* [To do]: Quote each record exactly, please, leaving none out.

* [Input data]:
*-*-*

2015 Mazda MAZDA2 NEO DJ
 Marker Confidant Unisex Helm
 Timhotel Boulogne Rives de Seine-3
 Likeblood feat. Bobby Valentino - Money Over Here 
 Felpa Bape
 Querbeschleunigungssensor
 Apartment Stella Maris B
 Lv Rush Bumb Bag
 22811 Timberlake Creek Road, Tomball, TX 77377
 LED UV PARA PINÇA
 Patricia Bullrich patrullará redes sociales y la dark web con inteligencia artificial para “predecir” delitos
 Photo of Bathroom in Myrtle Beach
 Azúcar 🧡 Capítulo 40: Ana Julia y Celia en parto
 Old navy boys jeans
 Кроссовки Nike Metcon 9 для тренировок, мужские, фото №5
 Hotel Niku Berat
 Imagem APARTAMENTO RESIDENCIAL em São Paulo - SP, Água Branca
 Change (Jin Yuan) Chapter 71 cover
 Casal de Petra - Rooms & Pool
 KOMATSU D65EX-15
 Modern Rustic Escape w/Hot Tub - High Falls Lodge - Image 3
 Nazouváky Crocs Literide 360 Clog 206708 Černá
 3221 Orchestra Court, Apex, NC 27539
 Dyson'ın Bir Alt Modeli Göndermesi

*-*-*

* [Response to this task]:
2015 Mazda MAZDA2 NEO DJ
 Marker Confidant Unisex Helm
 Timhotel Boulogne Rives de Seine-3
 Likeblood feat. Bobby Valentino - Money Over Here 
 Felpa Bape
 Querbeschleunigungssensor
 Apartment Stella Maris B
 Lv Rush Bumb Bag
 22811 Timberlake Creek Road, Tomball, TX 77377
 LED UV PARA PINÇA
 Patricia Bullrich patrullará redes sociales y la dark web con inteligencia artificial para “predecir” delitos
 Photo of Bathroom in Myrtle Beach
 Azúcar 🧡 Capítulo 40: Ana Julia y Celia en parto
 Old navy boys jeans
 Кроссовки Nike Metcon 9 для тренировок, мужские, фото №5
 Hotel Niku Berat
 Imagem APARTAMENTO RESIDENCIAL em São Paulo - SP, Água Branca
 Change (Jin Yuan) Chapter 71 cover
 Casal de Petra - Rooms & Pool
 KOMATSU D65EX-15
 Modern Rustic Escape w/Hot Tub - High Falls Lodge - Image 3
 Nazouváky Crocs Literide 360 Clog 206708 Černá
 3221 Orchestra Court, Apex, NC 27539
 Dyson'ın Bir Alt Modeli Göndermesi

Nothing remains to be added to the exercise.